* [Aim of the exercise]: Return the data word for word. Pictures are to be omitted.

------------------------------------------------------------------------

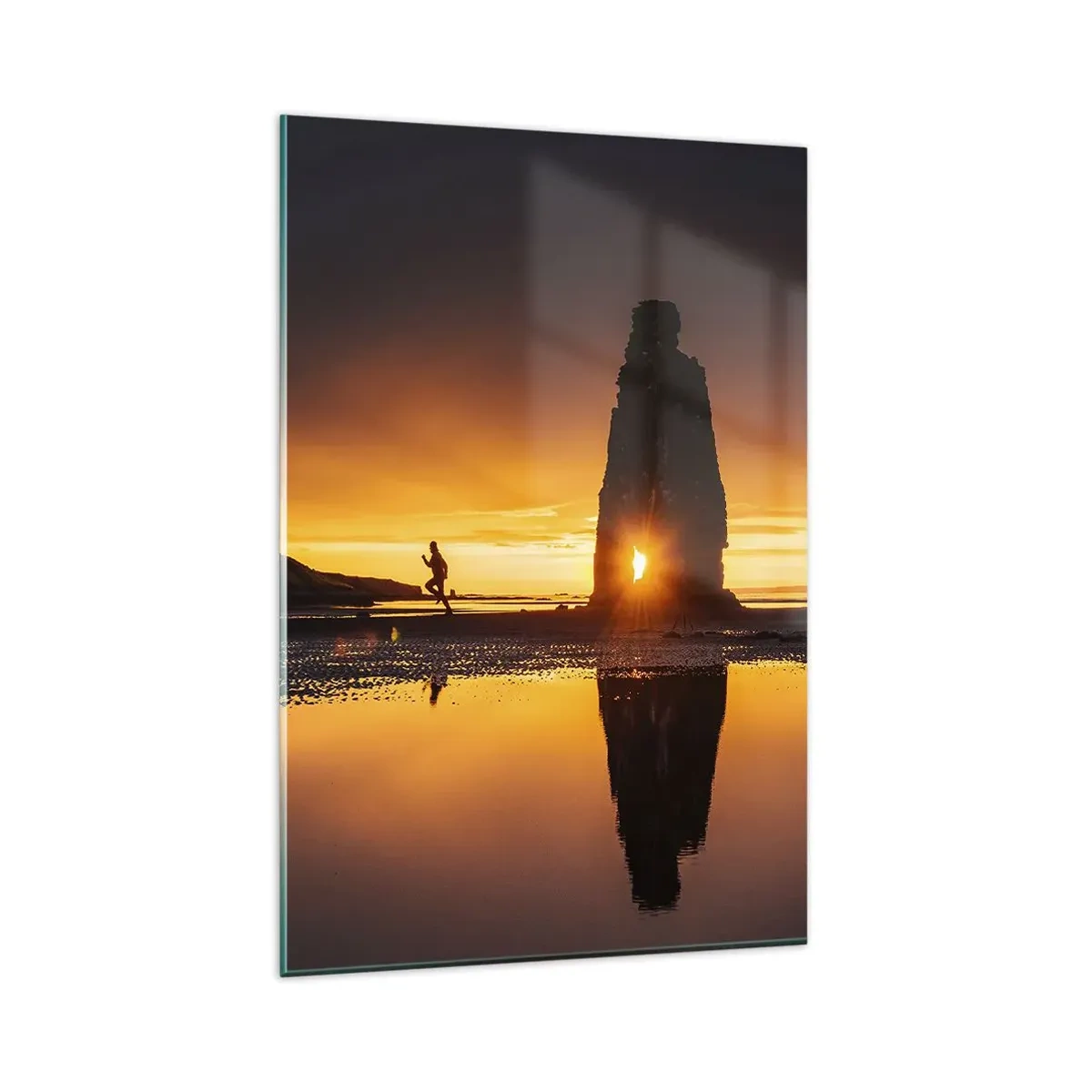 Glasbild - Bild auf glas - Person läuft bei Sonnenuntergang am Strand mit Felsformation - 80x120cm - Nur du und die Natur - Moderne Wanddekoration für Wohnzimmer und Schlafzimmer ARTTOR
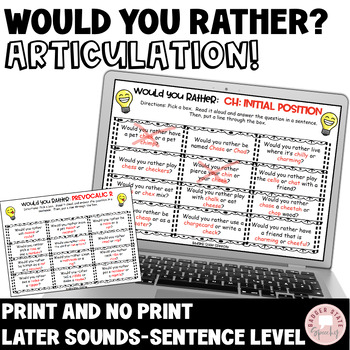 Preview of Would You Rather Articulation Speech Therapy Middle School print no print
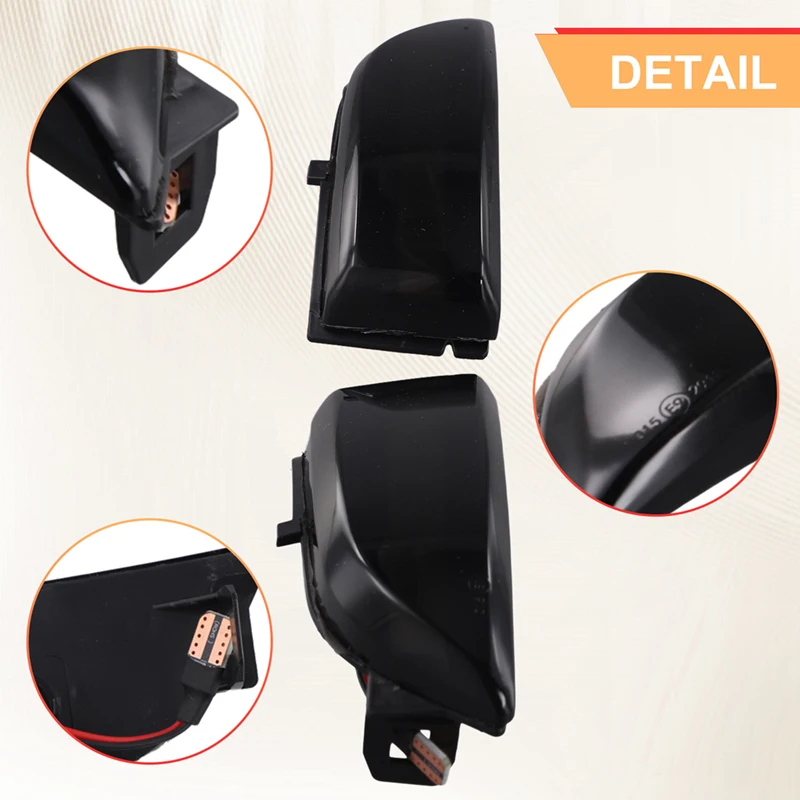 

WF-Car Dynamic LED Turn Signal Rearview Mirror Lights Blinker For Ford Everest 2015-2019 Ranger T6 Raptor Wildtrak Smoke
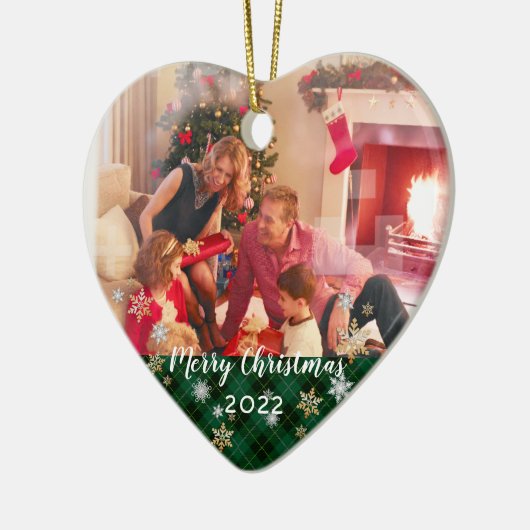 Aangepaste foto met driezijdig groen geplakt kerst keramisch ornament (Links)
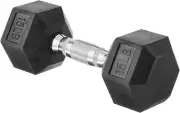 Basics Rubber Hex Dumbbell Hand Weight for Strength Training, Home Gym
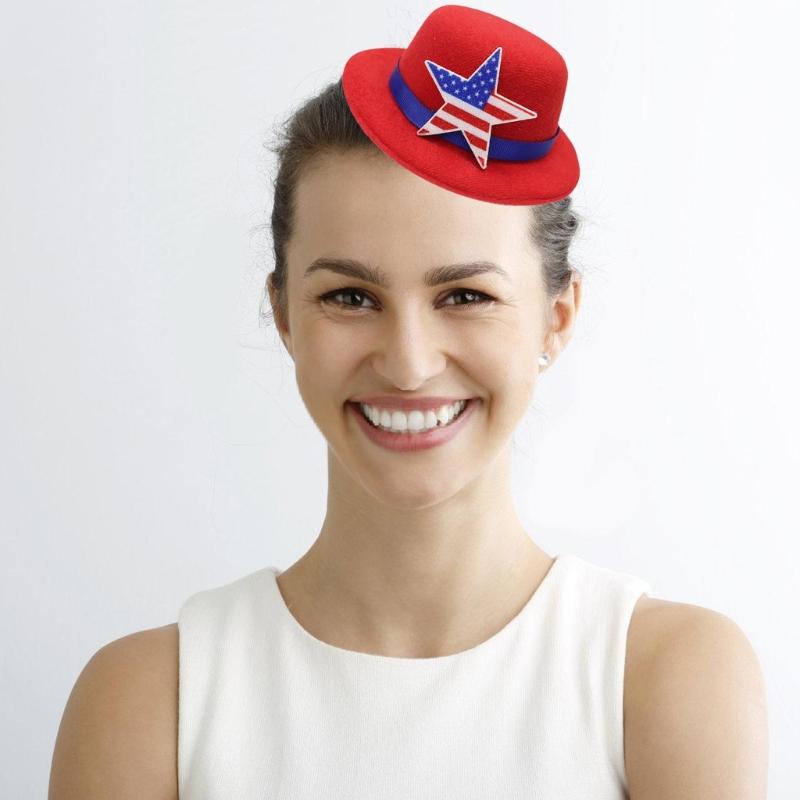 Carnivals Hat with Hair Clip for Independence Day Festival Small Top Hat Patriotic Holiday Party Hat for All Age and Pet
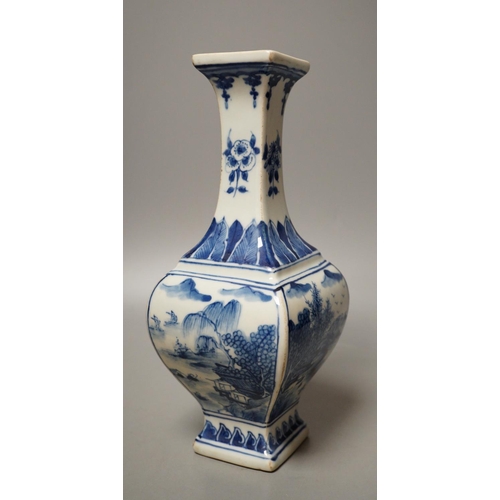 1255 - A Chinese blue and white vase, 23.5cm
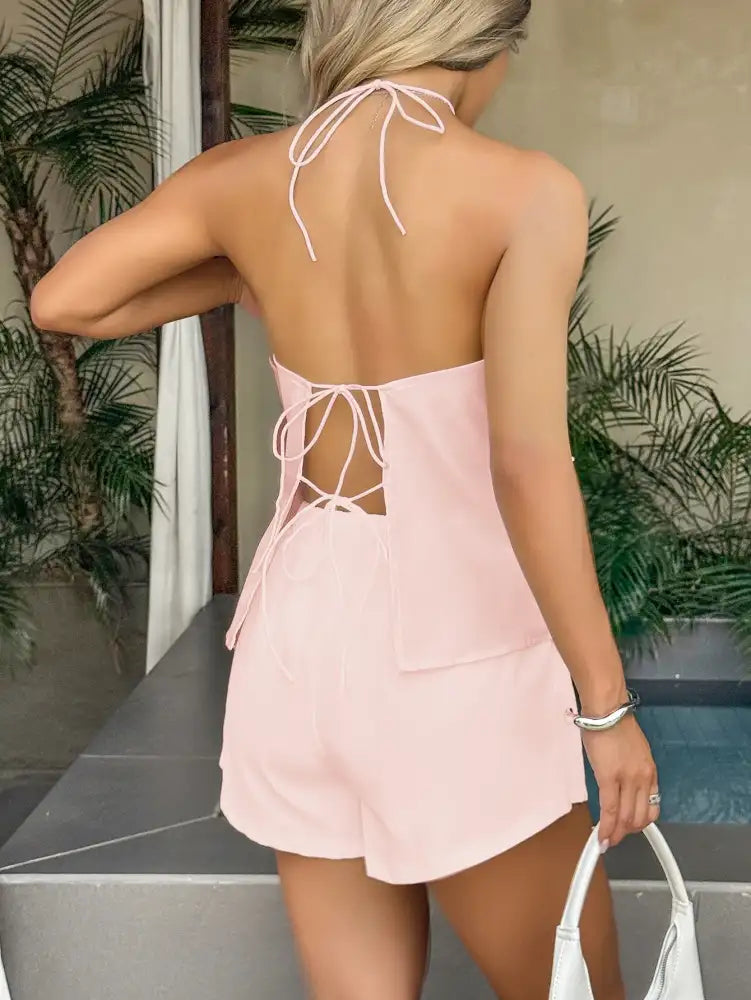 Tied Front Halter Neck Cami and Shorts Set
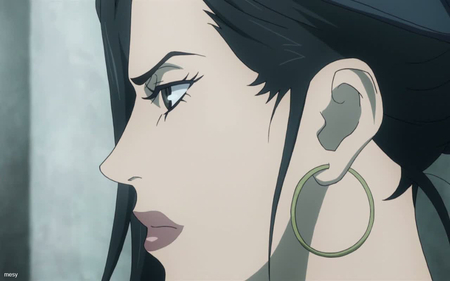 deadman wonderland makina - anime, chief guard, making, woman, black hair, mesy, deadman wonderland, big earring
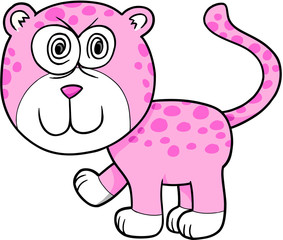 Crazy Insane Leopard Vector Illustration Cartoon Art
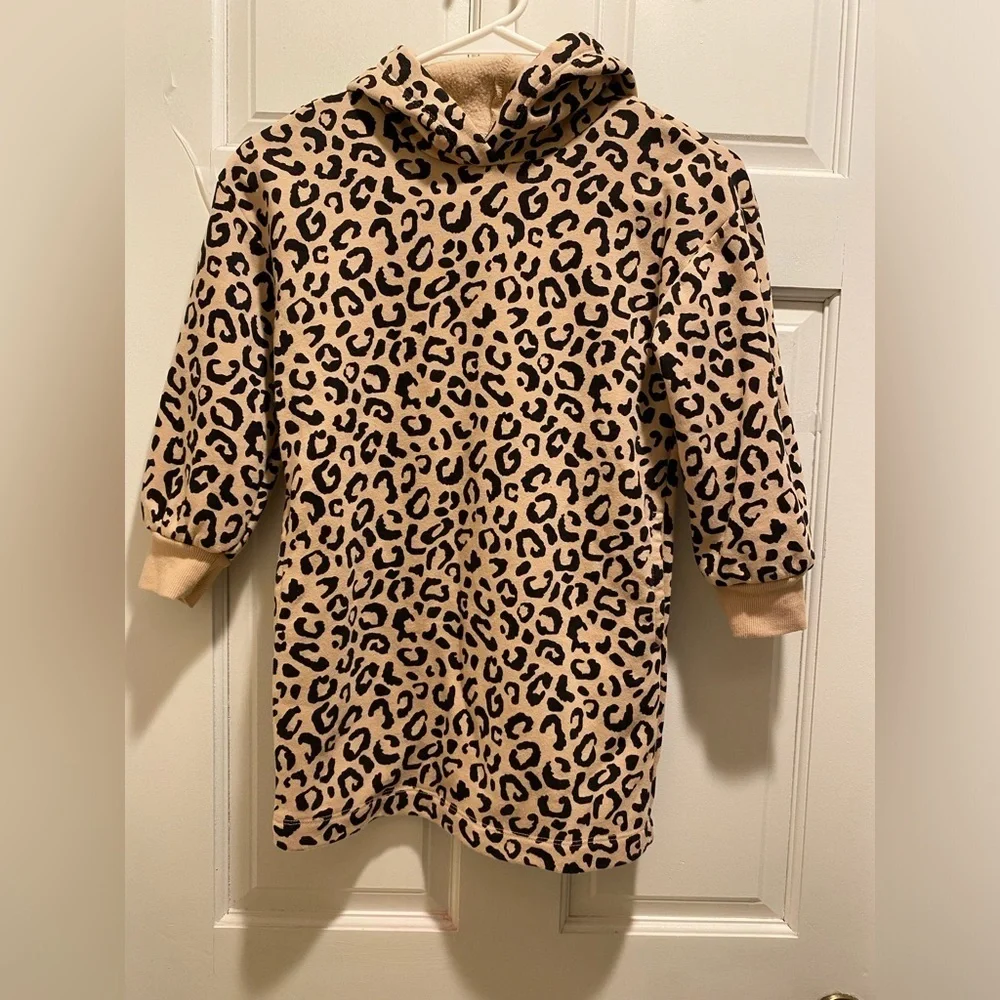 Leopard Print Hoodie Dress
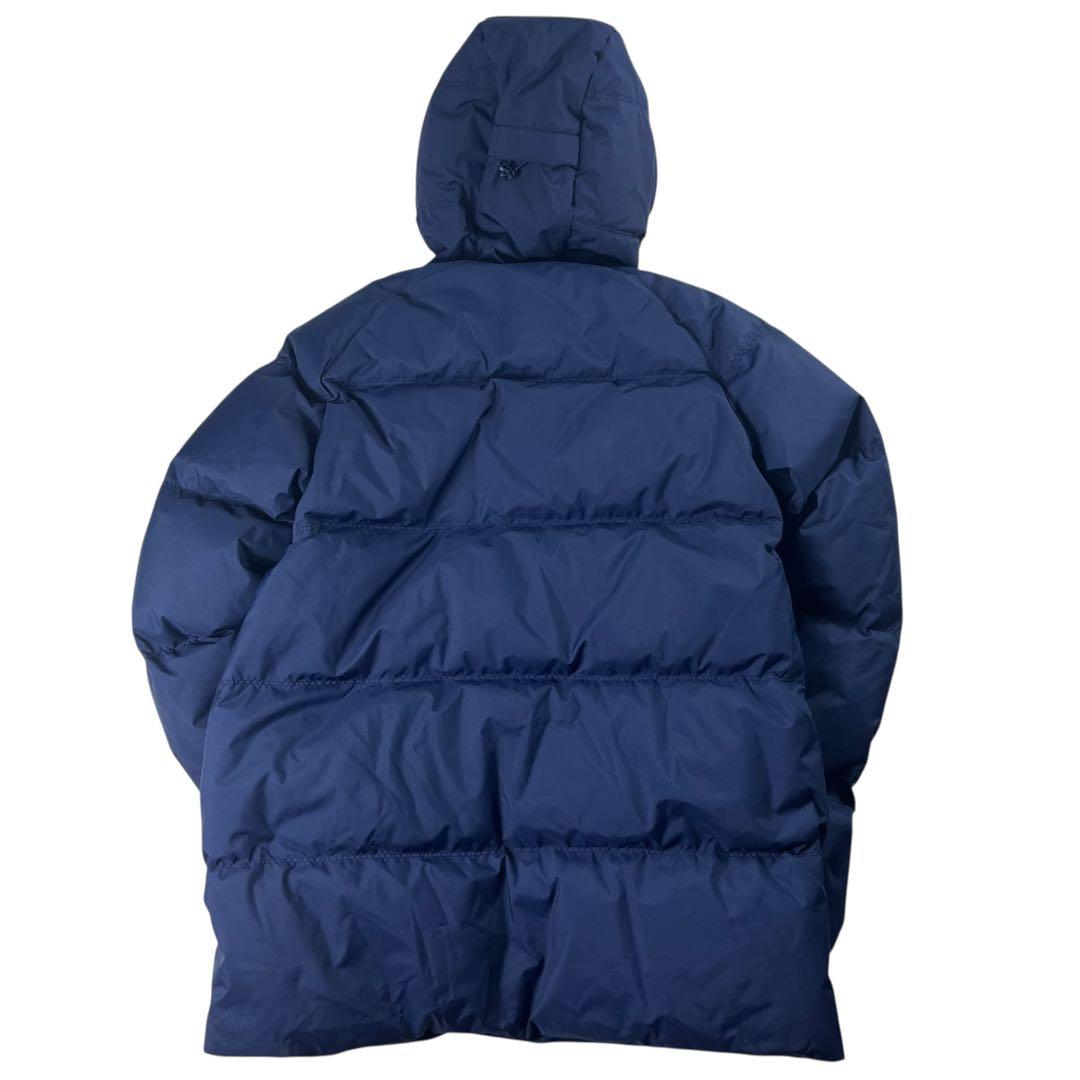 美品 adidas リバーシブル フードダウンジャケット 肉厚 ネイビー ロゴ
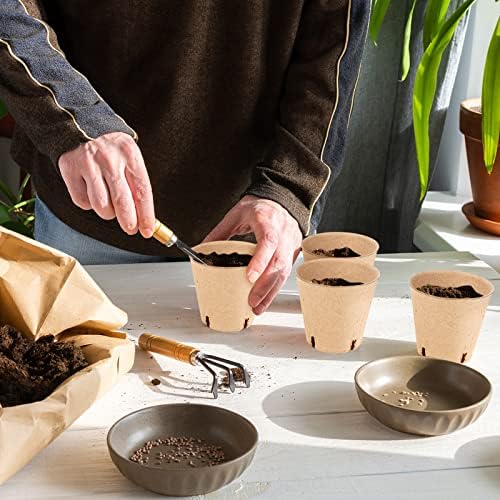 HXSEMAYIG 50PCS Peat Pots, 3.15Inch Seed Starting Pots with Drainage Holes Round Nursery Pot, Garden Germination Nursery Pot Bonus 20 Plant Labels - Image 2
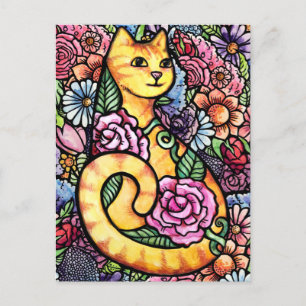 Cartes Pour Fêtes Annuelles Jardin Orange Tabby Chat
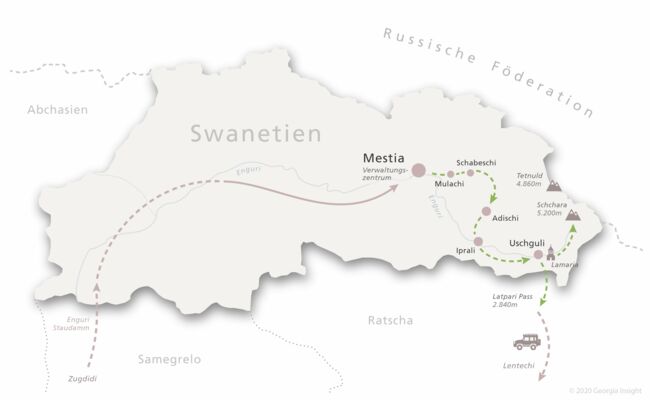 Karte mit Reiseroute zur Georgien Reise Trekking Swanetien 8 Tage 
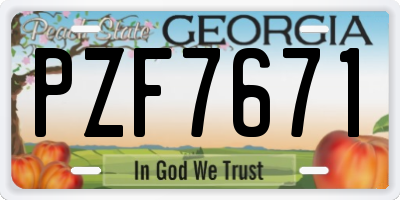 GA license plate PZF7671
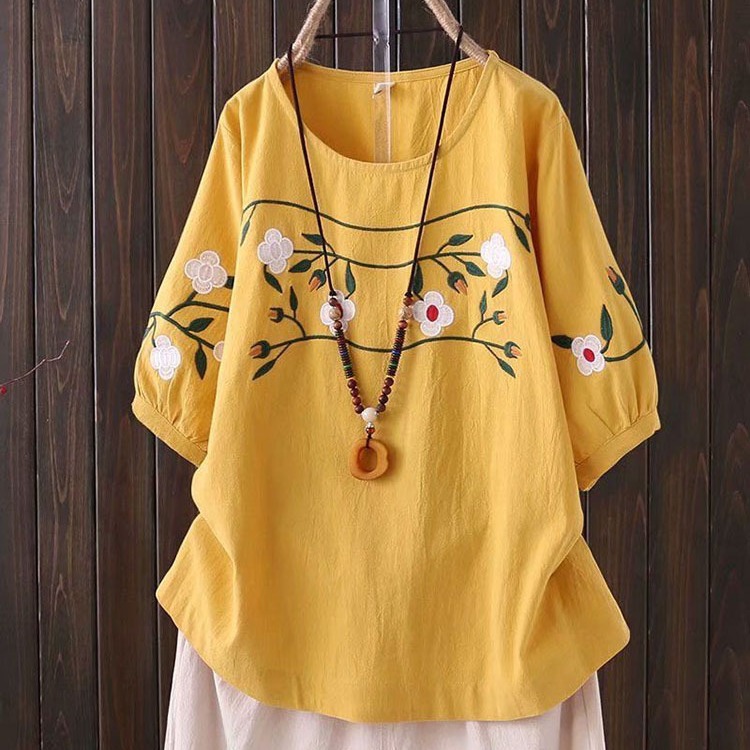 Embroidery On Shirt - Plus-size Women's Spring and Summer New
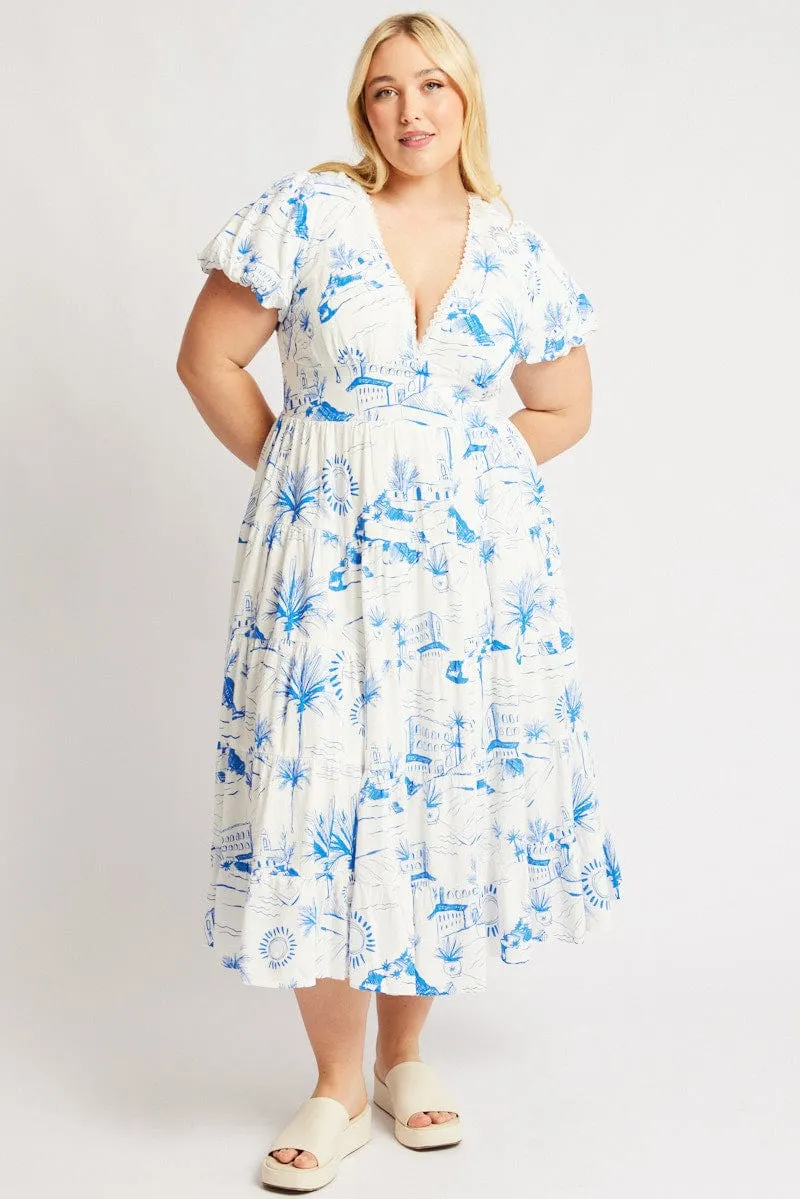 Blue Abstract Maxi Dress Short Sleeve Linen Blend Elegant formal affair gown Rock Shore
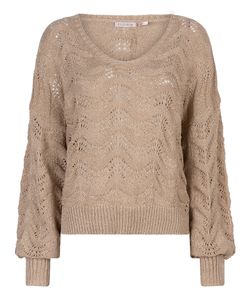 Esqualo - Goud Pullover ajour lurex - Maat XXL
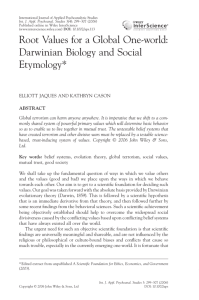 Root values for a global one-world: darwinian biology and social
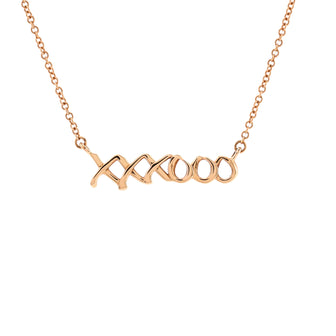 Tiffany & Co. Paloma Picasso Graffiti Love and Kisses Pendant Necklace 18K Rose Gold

------------------------------------------------------------------------

* [Response to this exercise]:
 Glasbild - Bild auf glas - Person läuft bei Sonnenuntergang am Strand mit Felsformation - 80x120cm - Nur du und die Natur - Moderne Wanddekoration für Wohnzimmer und Schlafzimmer ARTTOR
 Preview of Would You Rather Articulation Speech Therapy Middle School print no print

WF-Car Dynamic LED Turn Signal Rearview Mirror Lights Blinker For Ford Everest 2015-2019 Ranger T6 Raptor Wildtrak Smoke
 Aangepaste foto met driezijdig groen geplakt kerst keramisch ornament (Links)
 Basics Rubber Hex Dumbbell Hand Weight for Strength Training, Home Gym
 Carnivals Hat with Hair Clip for Independence Day Festival Small Top Hat Patriotic Holiday Party Hat for All Age and Pet
 1255 - A Chinese blue and white vase, 23.5cm
 Tied Front Halter Neck Cami and Shorts Set
 deadman wonderland makina - anime, chief guard, making, woman, black hair, mesy, deadman wonderland, big earring
 Crazy Insane Leopard Vector Illustration Cartoon Art
 Leopard Print Hoodie Dress
 美品 adidas リバーシブル フードダウンジャケット 肉厚 ネイビー ロゴ
 HXSEMAYIG 50PCS Peat Pots, 3.15Inch Seed Starting Pots with Drainage Holes Round Nursery Pot, Garden Germination Nursery Pot Bonus 20 Plant Labels - Image 2
 Cartes Pour Fêtes Annuelles Jardin Orange Tabby Chat
 Karte mit Reiseroute zur Georgien Reise Trekking Swanetien 8 Tage 
 GA license plate PZF7671
 Embroidery On Shirt - Plus-size Women's Spring and Summer New
 Blue Abstract Maxi Dress Short Sleeve Linen Blend Elegant formal affair gown Rock Shore
 Esqualo - Goud Pullover ajour lurex - Maat XXL
 Root values for a global one-world: darwinian biology and social
 Tiffany & Co. Paloma Picasso Graffiti Love and Kisses Pendant Necklace 18K Rose Gold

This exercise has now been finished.